- Exercise instructions:
Without any pictures, print the lines below from the one that has "杭州部分小区居民反映自来水发臭<strong></p>" through the one that has "<p>虚拟数字币交易所</strong>,污染源仍不明", exactly and nothing else.

- Material to process:

· · ·

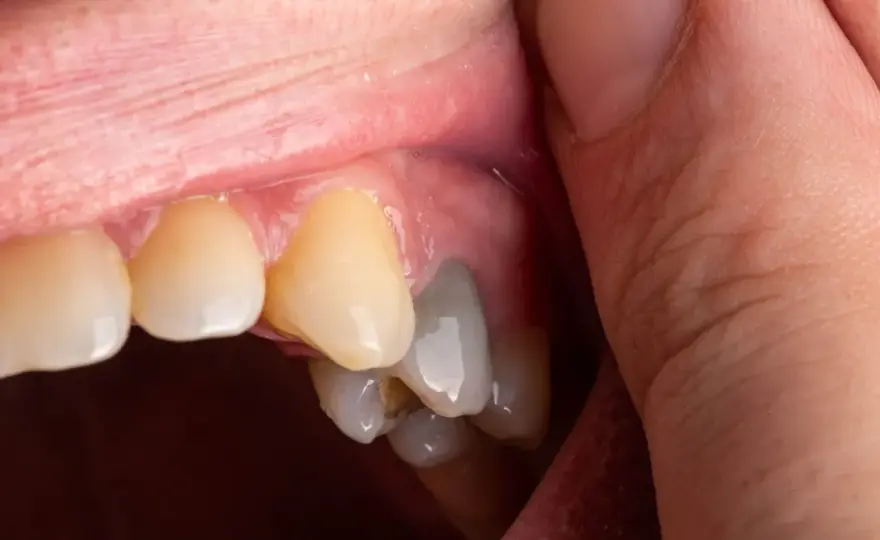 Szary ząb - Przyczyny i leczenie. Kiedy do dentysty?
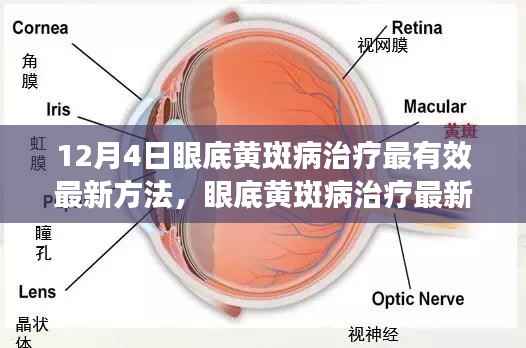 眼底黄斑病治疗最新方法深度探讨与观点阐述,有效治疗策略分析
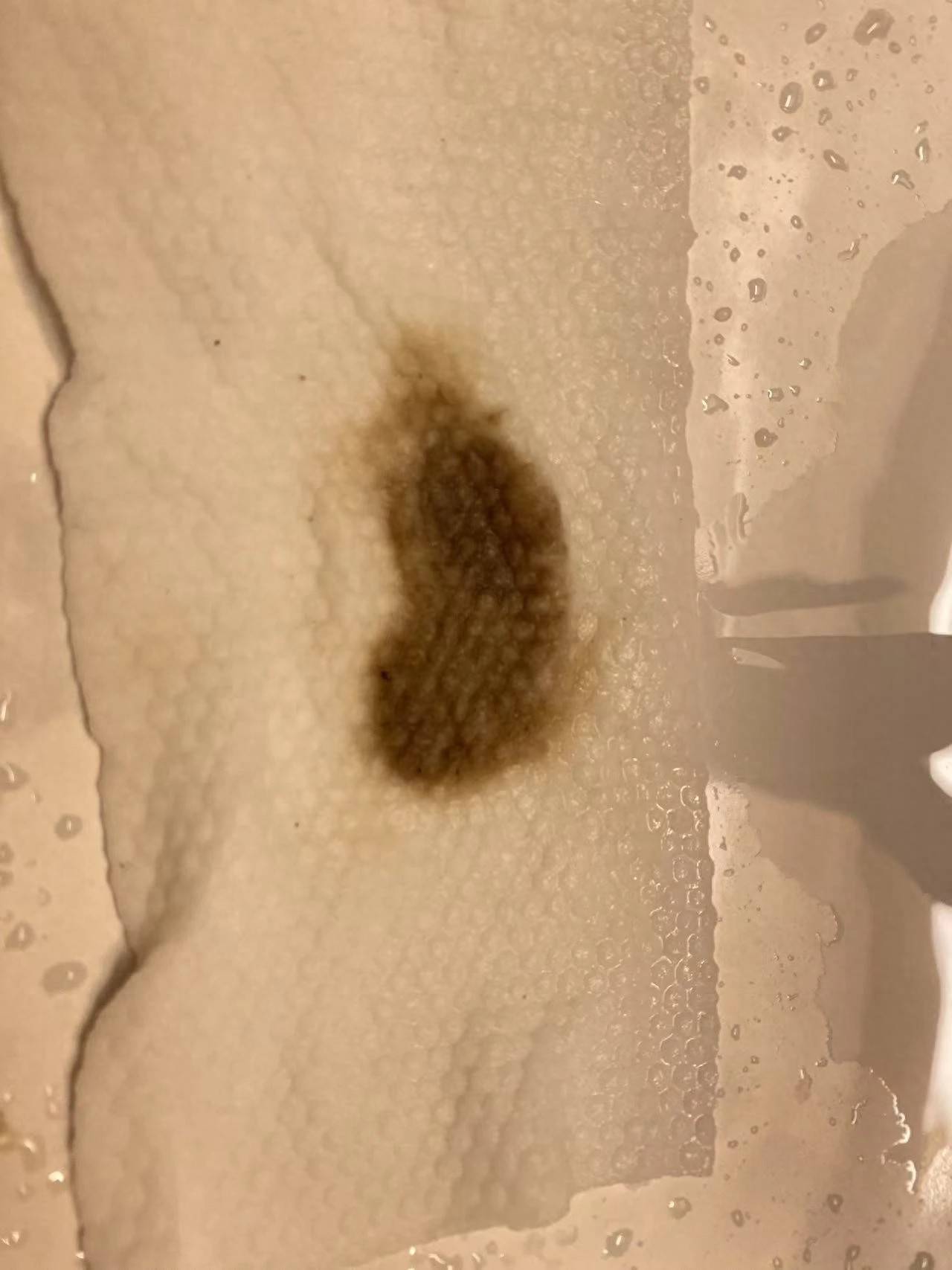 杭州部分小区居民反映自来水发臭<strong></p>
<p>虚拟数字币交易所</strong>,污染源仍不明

· · ·

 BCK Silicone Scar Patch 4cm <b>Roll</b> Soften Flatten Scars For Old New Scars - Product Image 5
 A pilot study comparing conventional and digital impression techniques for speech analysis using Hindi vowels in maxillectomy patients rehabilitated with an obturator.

· · ·

- Task output:
 杭州部分小区居民反映自来水发臭<strong></p>
<p>虚拟数字币交易所</strong>,污染源仍不明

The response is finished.